Imagine that a radar is a classifier. A classifier that classifies a point in space and returns one of two verdicts: “aircraft” or “empty.”
Let’s assume that we work for the army and we are supposed to build a radar (a classifier) to detect those airplanes.
If we build a classifier which finds all airplanes and does not classify an empty point as an aircraft we have the following output.
It is a perfect classifier. Precision = 1, recall = 1 We have found all airplane and we have no false positives.
On the other hand, if we have an output which looks like this:
We have perfect precision once again. All points reported as an airplane are in fact airplanes. The only problem is a terrible recall. We have not found all airplanes. If those are enemy’s aircraft, we have a huge problem.
There is one more mistake we can make. Is a classifier good enough if it finds all airplanes, but also reports a lot of empty spots as airplanes?
We detected all enemy aircraft. The only problem is, we waste a lot of jet fuel because we scramble our fighter aircraft way too often and they chase a non-existing enemy.
What is more important? Precision or recall?
There are two correct answers to that question:
In the case of the radar, I assume we need to detect all airplanes, and we can accept some false positives. It is better to chase after a non-existing enemy than allow one of their aircraft to be not intercepted.
To prove that the tradeoff between precision and recall is, in fact, a business decision, let’s look at an example of a product that needs both precision and recall to be average.
What if we were developing a dating website? What if after registration your clients filled out a survey that you use to train a classifier. The classifier predicts whether another person is a good or bad match for that user. (Yes, I know. It is not the way such websites work. It doesn’t matter. I need an example ;) )
We don’t want a perfect precision. If we had such classifier, the user would see only a few results (the ideal matches), found Mr. or Ms. Right immediately and never went back to your page. We don’t want that.

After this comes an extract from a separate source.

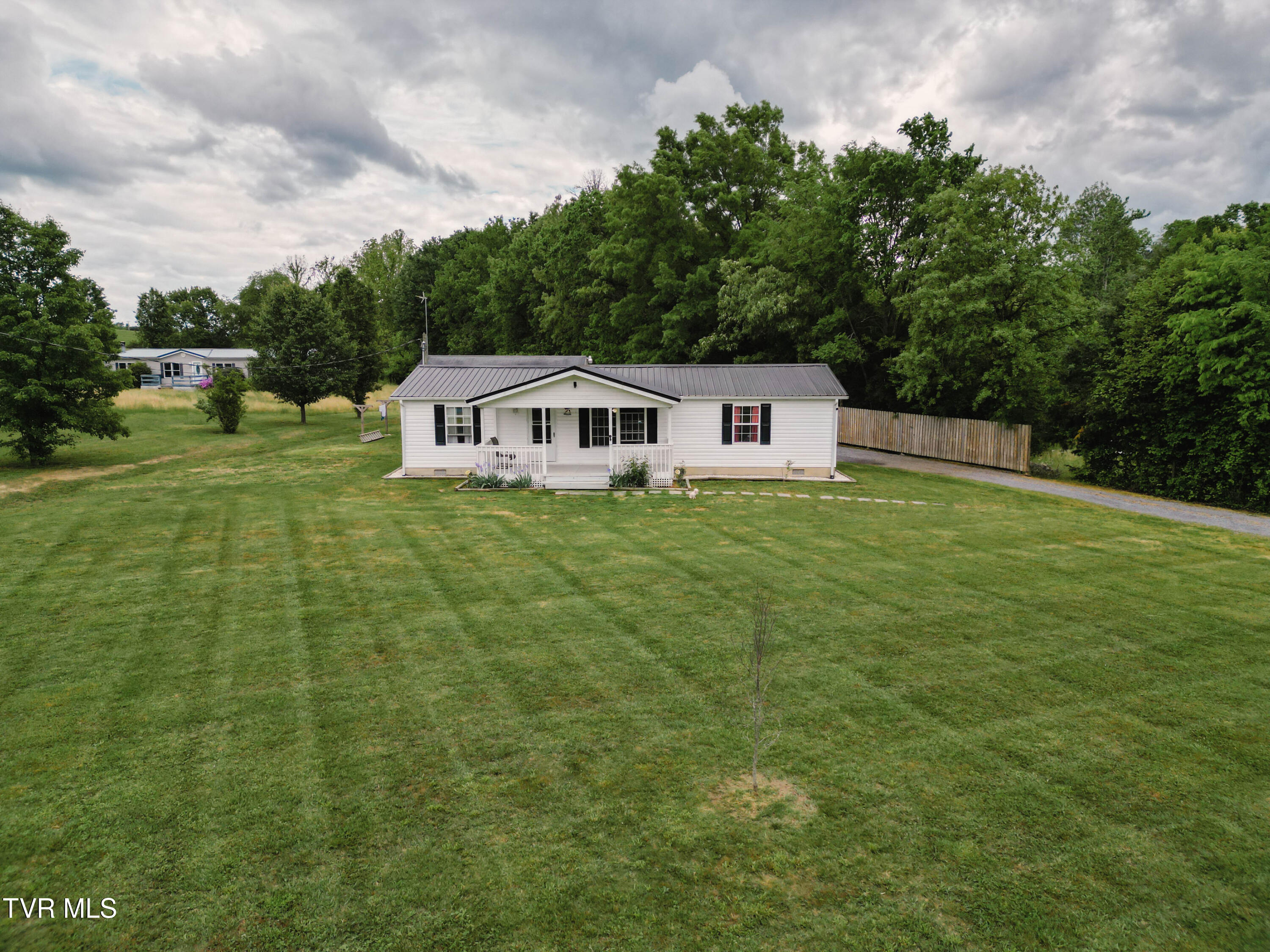 5 Jarrell Road Mohawk, TN 37810 - Photo 33 of 41 DanielleRickerPhotography-0374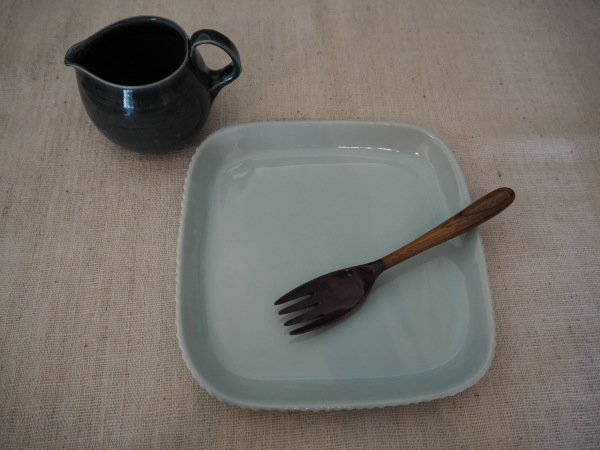 ピッチャーとお皿_b0132442_17032518.jpg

We can’t have too good recall either because it is always a tradeoff. Having the perfect recall would most likely require allowing many false positives (terrible precision). If you display many irrelevant results, the user will be disappointed and will run away to your competition.
What we want is precision/recall that gives the user some hope, so they return to your page every day and use it for as long as possible. Now you also know why dating websites are scam ;)